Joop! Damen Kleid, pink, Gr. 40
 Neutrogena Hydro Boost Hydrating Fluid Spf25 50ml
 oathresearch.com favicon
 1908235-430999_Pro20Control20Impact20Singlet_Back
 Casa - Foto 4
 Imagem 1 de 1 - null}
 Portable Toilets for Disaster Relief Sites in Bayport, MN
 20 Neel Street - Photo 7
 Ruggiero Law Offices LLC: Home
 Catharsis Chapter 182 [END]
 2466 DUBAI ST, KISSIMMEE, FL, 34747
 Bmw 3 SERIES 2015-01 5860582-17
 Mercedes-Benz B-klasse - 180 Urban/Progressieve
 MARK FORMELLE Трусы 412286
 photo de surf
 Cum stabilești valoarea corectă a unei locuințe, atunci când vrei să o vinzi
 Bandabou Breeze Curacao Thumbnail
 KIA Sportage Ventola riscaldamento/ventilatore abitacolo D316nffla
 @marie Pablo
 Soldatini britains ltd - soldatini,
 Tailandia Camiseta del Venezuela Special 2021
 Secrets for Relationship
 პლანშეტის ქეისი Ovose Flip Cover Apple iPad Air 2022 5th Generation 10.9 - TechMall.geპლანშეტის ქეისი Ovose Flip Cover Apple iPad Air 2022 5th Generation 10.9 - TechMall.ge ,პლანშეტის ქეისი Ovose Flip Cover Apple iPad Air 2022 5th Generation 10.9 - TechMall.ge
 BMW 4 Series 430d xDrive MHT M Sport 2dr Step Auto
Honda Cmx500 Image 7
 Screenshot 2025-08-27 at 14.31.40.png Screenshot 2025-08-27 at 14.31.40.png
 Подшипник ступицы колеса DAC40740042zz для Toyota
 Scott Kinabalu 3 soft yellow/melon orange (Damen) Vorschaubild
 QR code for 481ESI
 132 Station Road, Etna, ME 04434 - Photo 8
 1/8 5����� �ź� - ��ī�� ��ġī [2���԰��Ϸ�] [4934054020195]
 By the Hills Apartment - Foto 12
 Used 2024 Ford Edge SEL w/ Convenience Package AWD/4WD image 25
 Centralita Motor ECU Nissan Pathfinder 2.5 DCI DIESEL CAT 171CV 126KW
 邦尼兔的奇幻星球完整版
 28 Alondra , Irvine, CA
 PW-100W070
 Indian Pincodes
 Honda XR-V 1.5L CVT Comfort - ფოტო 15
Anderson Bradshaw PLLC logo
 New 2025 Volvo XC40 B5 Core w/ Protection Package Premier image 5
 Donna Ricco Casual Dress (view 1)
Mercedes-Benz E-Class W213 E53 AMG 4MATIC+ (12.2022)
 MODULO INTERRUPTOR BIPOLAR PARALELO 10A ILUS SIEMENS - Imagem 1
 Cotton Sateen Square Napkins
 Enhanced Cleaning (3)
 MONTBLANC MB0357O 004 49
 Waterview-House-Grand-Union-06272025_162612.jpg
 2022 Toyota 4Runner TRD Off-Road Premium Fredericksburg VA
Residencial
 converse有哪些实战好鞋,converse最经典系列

Assignment: Collect every line above that contains the word "Toyota".

The completed task:
 Подшипник ступицы колеса DAC40740042zz для Toyota
 2022 Toyota 4Runner TRD Off-Road Premium Fredericksburg VA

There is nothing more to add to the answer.